Oil = 6 to 8: Oil change = \(8 - 6 = 2\), Vinegar change = \(3 - 2\frac{1}{4}=\frac{12}{4}-\frac{9}{4}=\frac{3}{4}\). Rate \(=\frac{\frac{3}{4}}{2}=\frac{3}{8}\). Wait, no, \(\frac{3}{4}\) divided by 2 is \(\frac{3}{8}\)? Wait, \(\frac{3}{4}\) vinegar change over 2 oil cups: \(\frac{3}{4}\div2=\frac{3}{8}\) cups vinegar per cup oil? Wait, no, \(\frac{3}{4}\) vinegar change for 2 oil cups, so per 1 oil cup, it's \(\frac{3}{8}\)? Wait, no, let's do it as \(\frac{\Delta V}{\Delta O}\). For \(O = 2, V=\frac{3}{4}\); \(O = 4, V=\frac{3}{2}\):

\(\frac{\frac{3}{2}-\frac{3}{4}}{4 - 2}=\frac{\frac{3}{4}}{2}=\frac{3}{8}\). For \(O = 4, V=\frac{3}{2}\); \(O = 6, V=\frac{9}{4}\):

\(\frac{\frac{9}{4}-\frac{3}{2}}{6 - 4}=\frac{\frac{9}{4}-\frac{6}{4}}{2}=\frac{\frac{3}{4}}{2}=\frac{3}{8}\). For \(O = 6, V=\frac{9}{4}\); \(O = 8, V = 3=\frac{12}{4}\):

\(\frac{\frac{12}{4}-\frac{9}{4}}{8 - 6}=\frac{\frac{3}{4}}{2}=\frac{3}{8}\). So the rate of change of vinegar with respect to oil is constant at \(\frac{3}{8}\) cups vinegar per cup oil? Wait, no, \(\frac{3}{4}\) vinegar for 2 oil cups: \(\frac{3}{4}\div2=\frac{3}{8}\) per oil cup. Alternatively, \(\frac{3}{4}\) vinegar when oil is 2, so ratio \(V/O=\frac{3/4}{2}=\frac{3}{8}\), \(\frac{3/2}{4}=\frac{3}{8}\), \(\frac{9/4}{6}=\frac{3}{8}\), \(\frac{3}{8}=\frac{3}{8}\). So the rate of change (the ratio, which is the constant of proportionality) is \(\frac{3}{8}\) cups vinegar per cup oil, or equivalently, the rate of change of vinegar with respect to oil is constant at \(\frac{3}{8}\) (or \(0.375\)) cups vinegar per cup oil.
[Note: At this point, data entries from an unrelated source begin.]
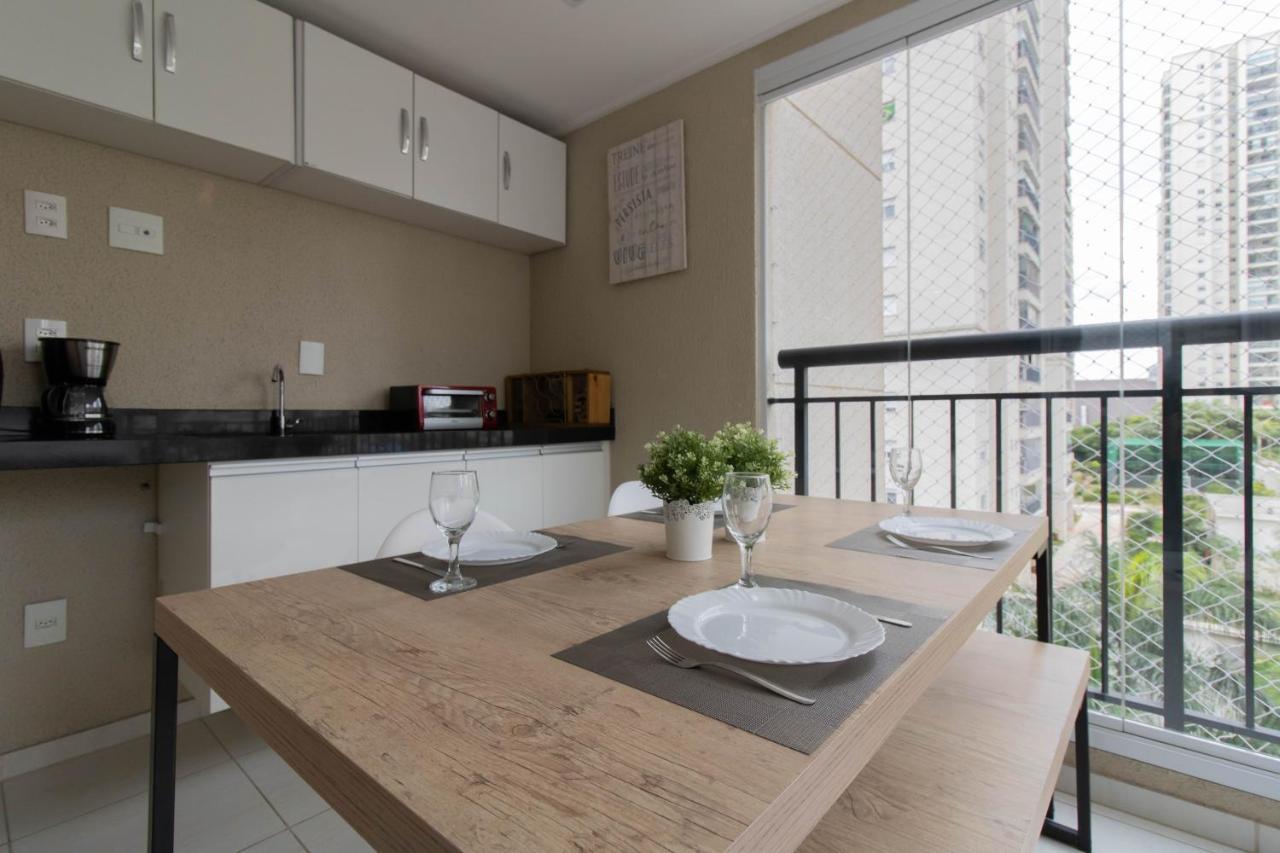 Family Apartment - Gru 307 Γκουαρούλιος Εξωτερικό φωτογραφία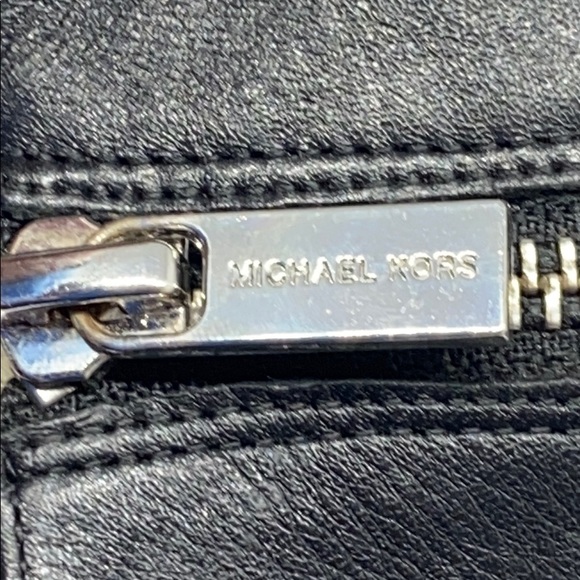 MICHAEL Michael Kors Black Cassie Heels - Picture 10 of 11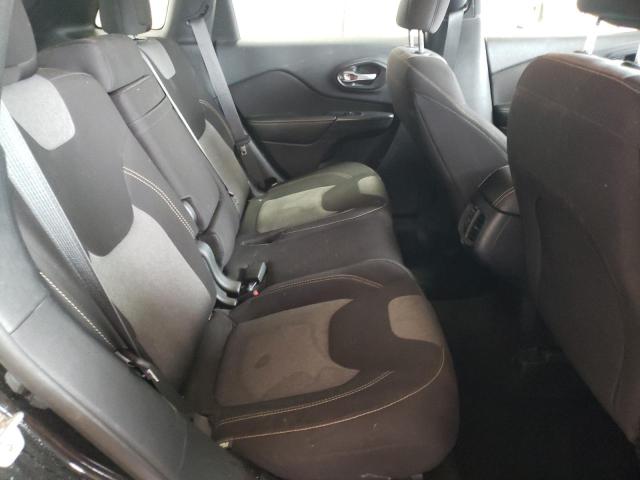 Photo 6 from auction – 2016 JEEP CHEROKEE S with VIN 1C4PJMAS2GW138827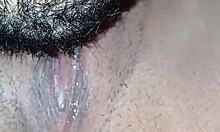 he sucked my whole clit so good i exploded in massive orgasm shaking 😩💦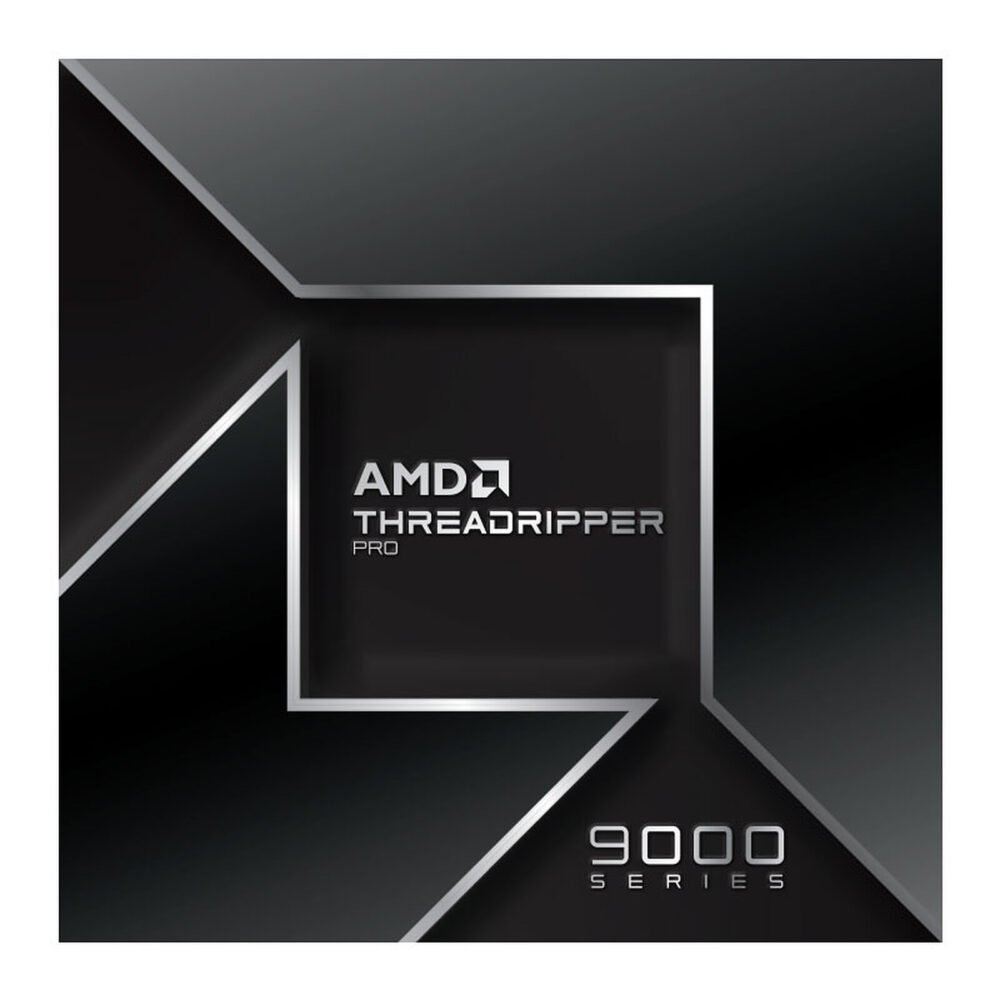 AMD Ryzen Threadripper PRO 9985WX (3.2 GHz / 5.4 GHz)
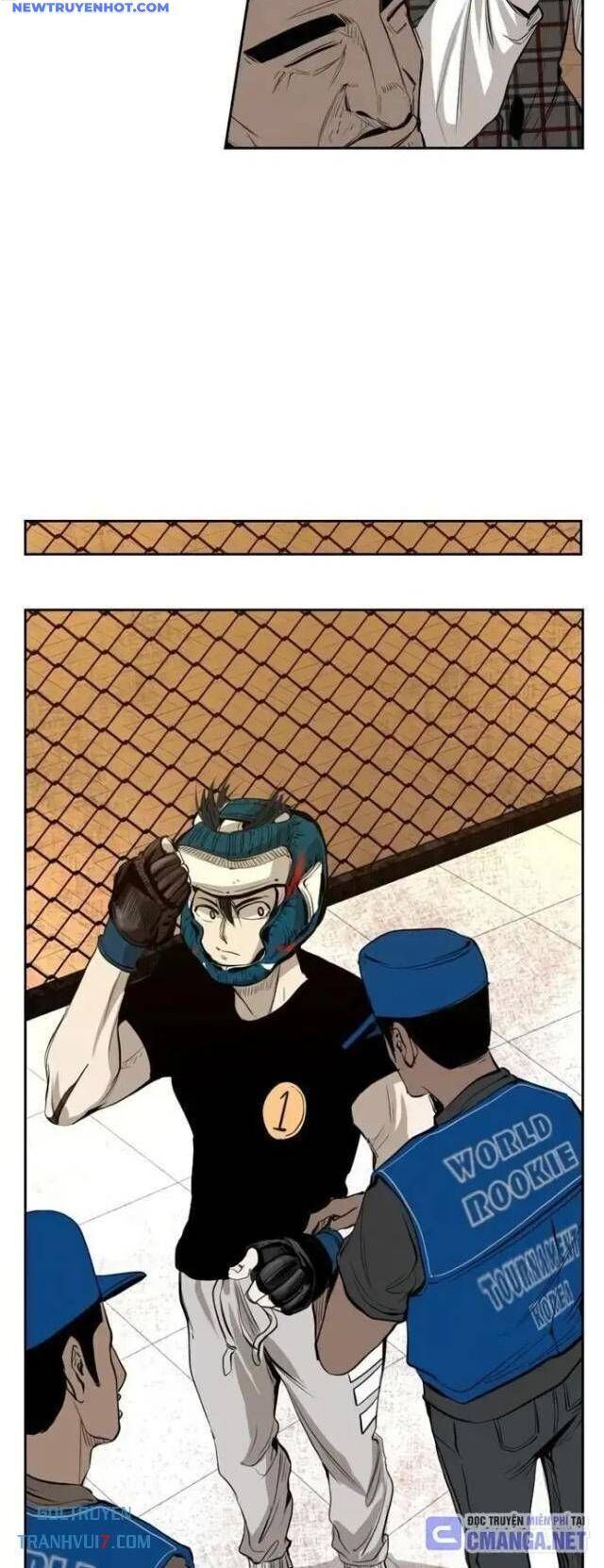 Shark - Cá Mập Chapter 130 - 22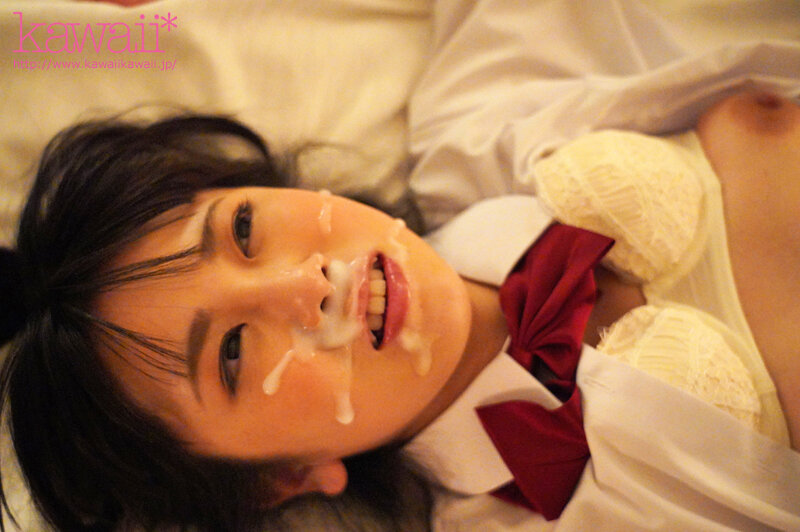 オジサンと、制服と、精液と…学校サボってオトナの課外授業 東雲あずさ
But since the user's question is cut off, I'll assume we need to find the constant rate of change for the Italian Dressing Recipe (since the distance - time for falling object has a non - constant rate of change of distance with respect to time, but constant rate of change of distance with respect to \(t^2\)). But for the recipe, the rate of change of vinegar with respect to oil is constant.

Let's redo the Italian Dressing Recipe:

Oil (c): 2, 4, 6, 8

Vinegar (c): \(\frac{3}{4}\), \(1\frac{1}{2}=\frac{3}{2}\), \(2\frac{1}{4}=\frac{9}{4}\), 3=\(\frac{12}{4}\)

Calculate \(\frac{\text{Vinegar}}{\text{Oil}}\) for each:…

Answer:

(for Italian Dressing Recipe):
The constant rate of change of vinegar (in cups) with respect to oil (in cups) is \(\frac{3}{8}\) (or \(0.375\)) cups vinegar per cup oil.

(For the falling object, the rate of change of distance with respect to time is not constant, but the rate of change of distance with respect to \(t^2\) is constant at \(4.9\ m/s^2\) (since \(d = 4.9t^2\), so \(\frac{\Delta d}{\Delta t^2}=4.9\)).)